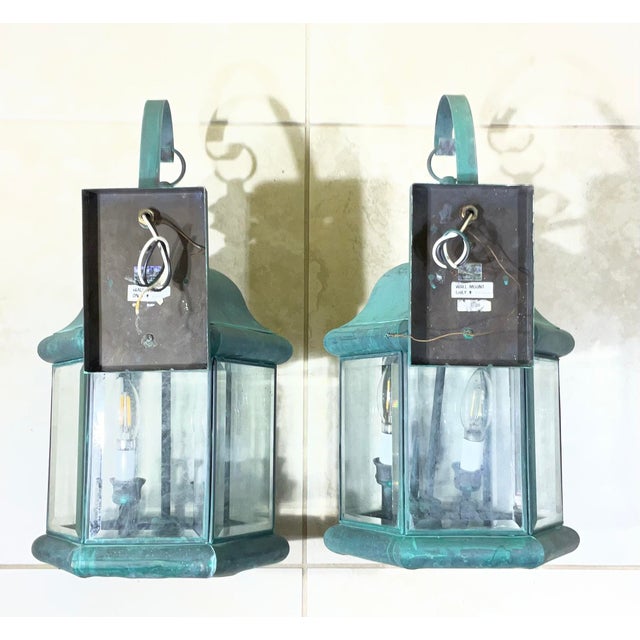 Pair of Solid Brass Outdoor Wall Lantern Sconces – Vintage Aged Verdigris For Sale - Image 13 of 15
* * *
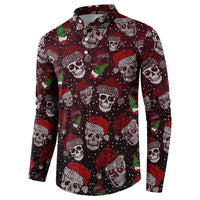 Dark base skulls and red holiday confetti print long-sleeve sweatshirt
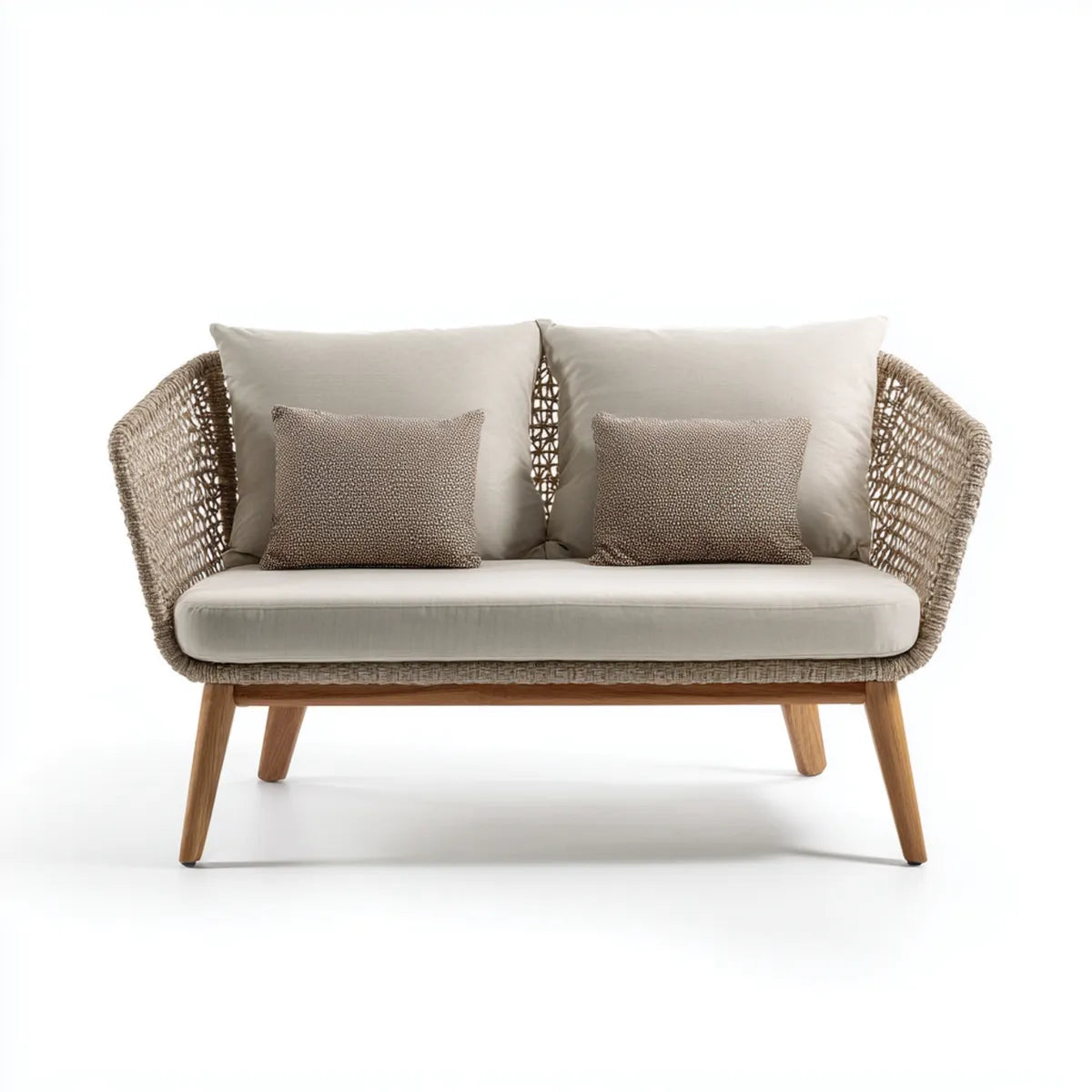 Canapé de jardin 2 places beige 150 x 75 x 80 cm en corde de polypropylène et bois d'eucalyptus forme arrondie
* * *
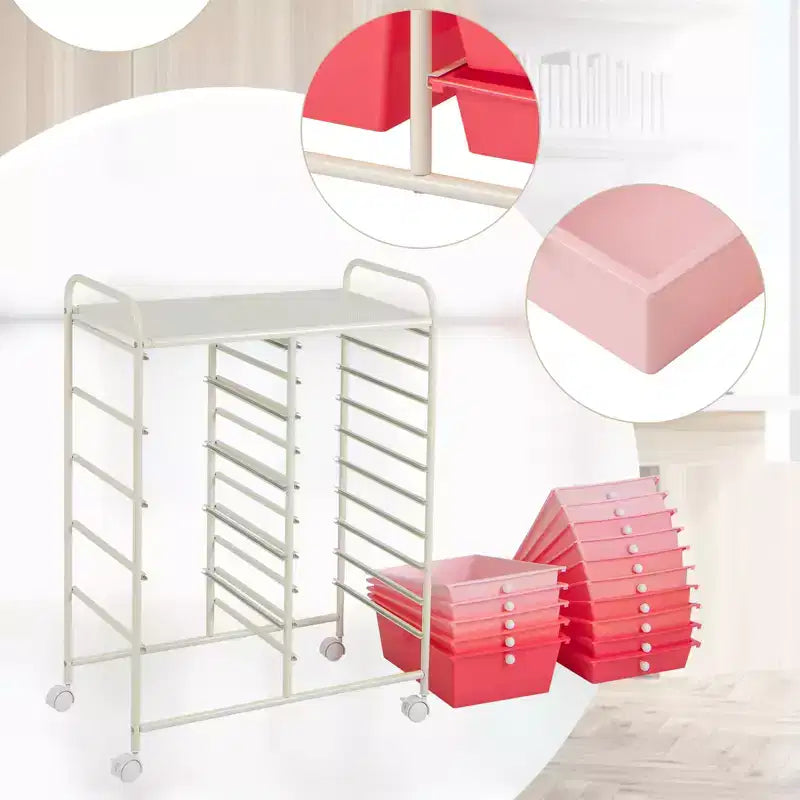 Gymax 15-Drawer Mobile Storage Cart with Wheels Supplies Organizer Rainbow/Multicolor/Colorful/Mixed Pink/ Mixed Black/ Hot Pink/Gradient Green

Brief: Starting at the line with "Dark base skulls" and finishing at the line with "Canapé de jardin", copy the material above exactly, both lines included. Nothing else goes in, and no pictures.

Response area:
 Dark base skulls and red holiday confetti print long-sleeve sweatshirt
 Canapé de jardin 2 places beige 150 x 75 x 80 cm en corde de polypropylène et bois d'eucalyptus forme arrondie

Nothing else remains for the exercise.